*WORK TO BE COMPLETED*. Write only the number of lines in the records beneath that hold "Black".

*DATA*.
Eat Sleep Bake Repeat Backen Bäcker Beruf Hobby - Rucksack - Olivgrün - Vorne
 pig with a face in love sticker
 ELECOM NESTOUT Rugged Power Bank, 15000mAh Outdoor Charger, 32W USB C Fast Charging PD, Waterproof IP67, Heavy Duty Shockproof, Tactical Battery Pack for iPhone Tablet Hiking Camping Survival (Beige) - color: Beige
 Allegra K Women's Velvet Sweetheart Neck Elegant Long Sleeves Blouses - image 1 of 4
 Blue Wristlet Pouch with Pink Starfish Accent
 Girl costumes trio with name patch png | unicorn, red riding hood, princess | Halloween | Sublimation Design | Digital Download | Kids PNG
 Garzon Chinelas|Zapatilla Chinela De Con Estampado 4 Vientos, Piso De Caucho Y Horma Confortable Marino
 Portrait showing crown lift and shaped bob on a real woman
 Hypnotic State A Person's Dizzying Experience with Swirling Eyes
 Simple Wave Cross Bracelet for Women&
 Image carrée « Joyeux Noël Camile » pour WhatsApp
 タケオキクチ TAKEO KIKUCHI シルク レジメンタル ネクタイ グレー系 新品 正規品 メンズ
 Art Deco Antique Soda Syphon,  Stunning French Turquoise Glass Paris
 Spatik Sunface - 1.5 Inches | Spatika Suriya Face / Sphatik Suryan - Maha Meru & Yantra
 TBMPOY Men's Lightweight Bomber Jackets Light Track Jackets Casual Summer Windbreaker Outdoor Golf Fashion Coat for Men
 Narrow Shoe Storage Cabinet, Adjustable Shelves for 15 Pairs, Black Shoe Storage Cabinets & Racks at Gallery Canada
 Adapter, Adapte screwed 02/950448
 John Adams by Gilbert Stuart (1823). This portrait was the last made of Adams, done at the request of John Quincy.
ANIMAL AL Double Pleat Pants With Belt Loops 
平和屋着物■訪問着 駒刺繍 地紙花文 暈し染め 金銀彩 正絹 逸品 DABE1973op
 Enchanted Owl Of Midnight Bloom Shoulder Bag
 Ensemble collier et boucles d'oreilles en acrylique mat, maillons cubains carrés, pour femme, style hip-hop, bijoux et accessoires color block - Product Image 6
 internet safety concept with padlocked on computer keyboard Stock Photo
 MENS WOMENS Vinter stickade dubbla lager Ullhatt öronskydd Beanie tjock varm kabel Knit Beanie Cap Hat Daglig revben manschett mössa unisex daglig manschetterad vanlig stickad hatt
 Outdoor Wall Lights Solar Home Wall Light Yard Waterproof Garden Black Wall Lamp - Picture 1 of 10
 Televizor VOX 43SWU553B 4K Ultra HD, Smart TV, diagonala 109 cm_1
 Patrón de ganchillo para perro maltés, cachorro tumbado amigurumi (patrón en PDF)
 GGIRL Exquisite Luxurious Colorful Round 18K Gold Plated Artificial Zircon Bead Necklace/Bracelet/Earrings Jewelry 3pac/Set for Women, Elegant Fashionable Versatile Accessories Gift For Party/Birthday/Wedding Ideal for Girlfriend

*TASK SOLUTION*. 2